### YOUR ASSIGNMENT
Each line from the one containing "Insert the pre-impactor using" through the last line of the data below should be printed exactly, please, with any pictures omitted.

### DATASET EXCERPT
-- -- --
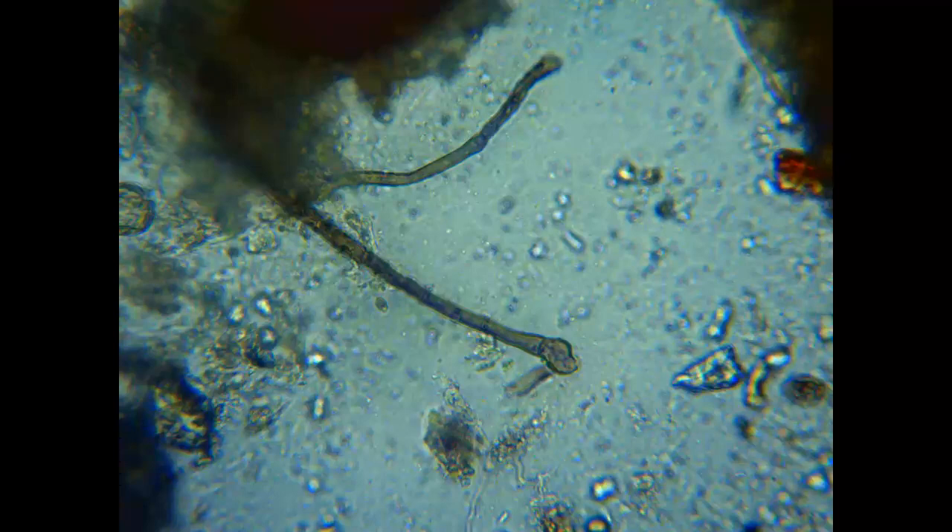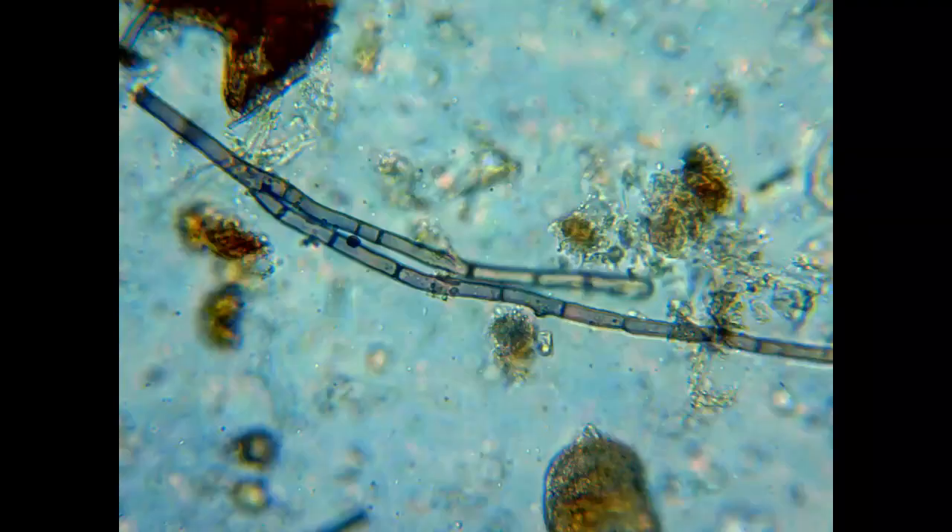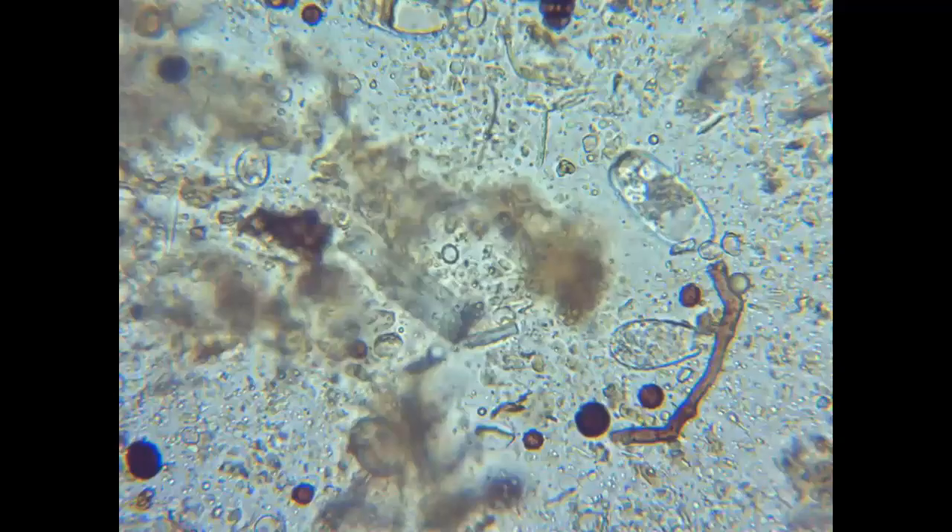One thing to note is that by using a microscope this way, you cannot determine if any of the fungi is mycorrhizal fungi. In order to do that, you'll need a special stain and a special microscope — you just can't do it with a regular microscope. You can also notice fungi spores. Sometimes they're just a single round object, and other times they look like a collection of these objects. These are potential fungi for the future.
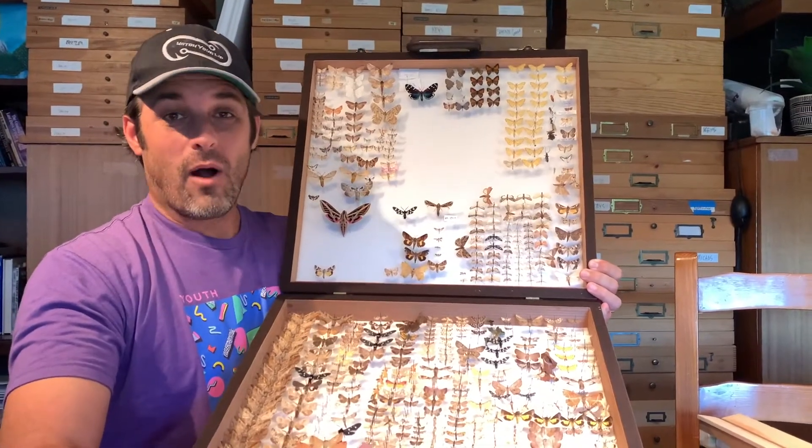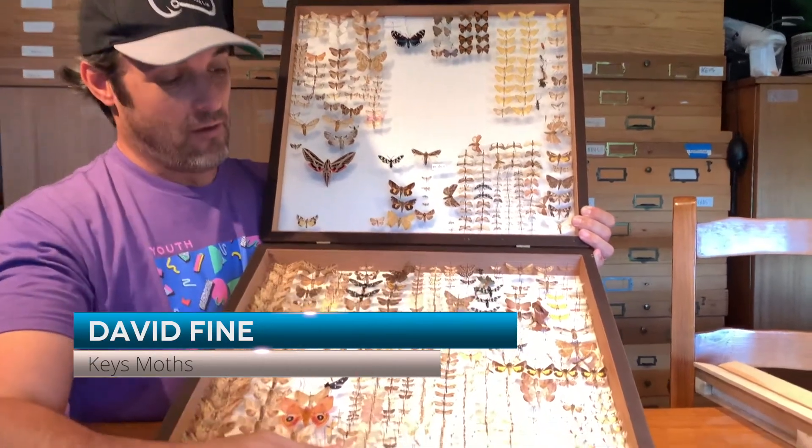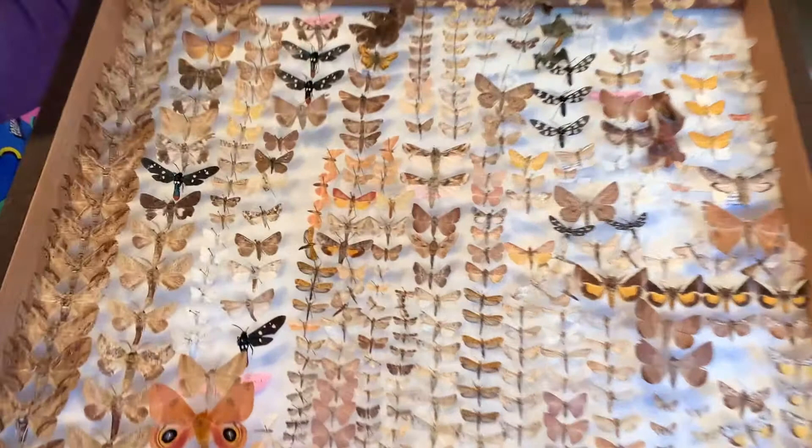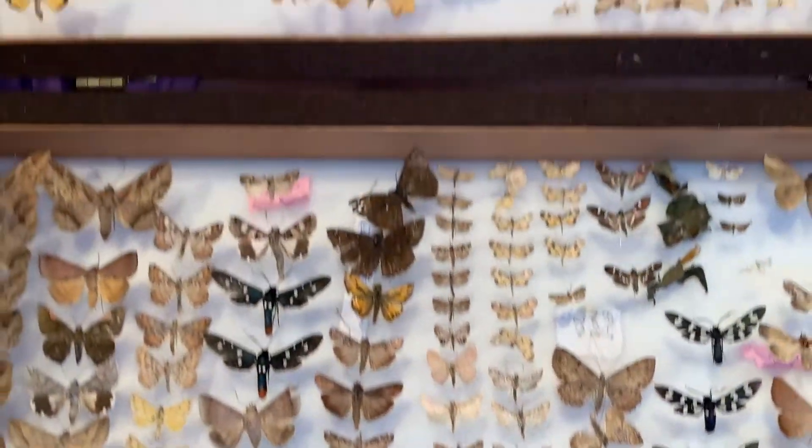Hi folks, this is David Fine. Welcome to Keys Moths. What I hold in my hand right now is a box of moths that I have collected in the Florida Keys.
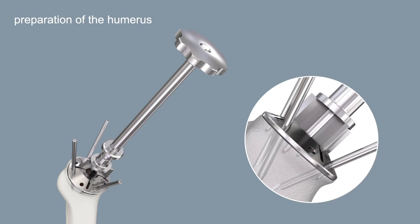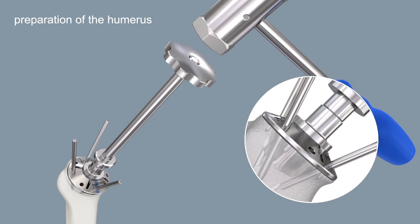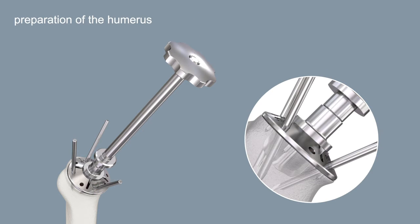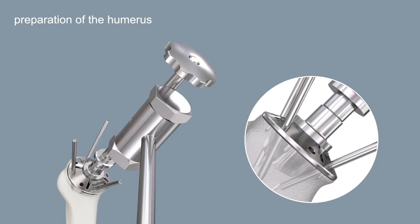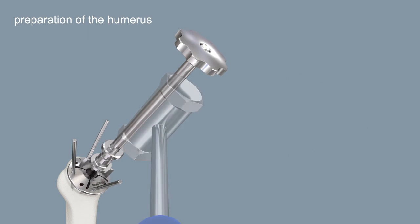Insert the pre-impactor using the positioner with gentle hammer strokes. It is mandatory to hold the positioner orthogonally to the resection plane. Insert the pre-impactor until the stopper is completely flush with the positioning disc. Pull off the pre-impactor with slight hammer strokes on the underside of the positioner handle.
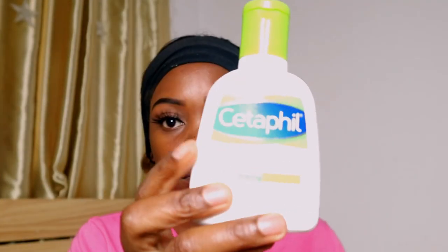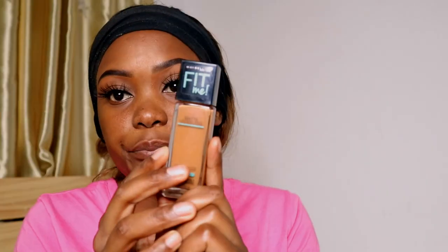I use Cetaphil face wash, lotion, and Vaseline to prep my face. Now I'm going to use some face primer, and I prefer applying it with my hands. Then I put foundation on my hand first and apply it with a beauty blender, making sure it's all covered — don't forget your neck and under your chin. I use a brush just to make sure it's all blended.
-- -- --
### RESPONSE AREA
Insert the pre-impactor using the positioner with gentle hammer strokes. It is mandatory to hold the positioner orthogonally to the resection plane. Insert the pre-impactor until the stopper is completely flush with the positioning disc. Pull off the pre-impactor with slight hammer strokes on the underside of the positioner handle.
I use Cetaphil face wash, lotion, and Vaseline to prep my face. Now I'm going to use some face primer, and I prefer applying it with my hands. Then I put foundation on my hand first and apply it with a beauty blender, making sure it's all covered — don't forget your neck and under your chin. I use a brush just to make sure it's all blended.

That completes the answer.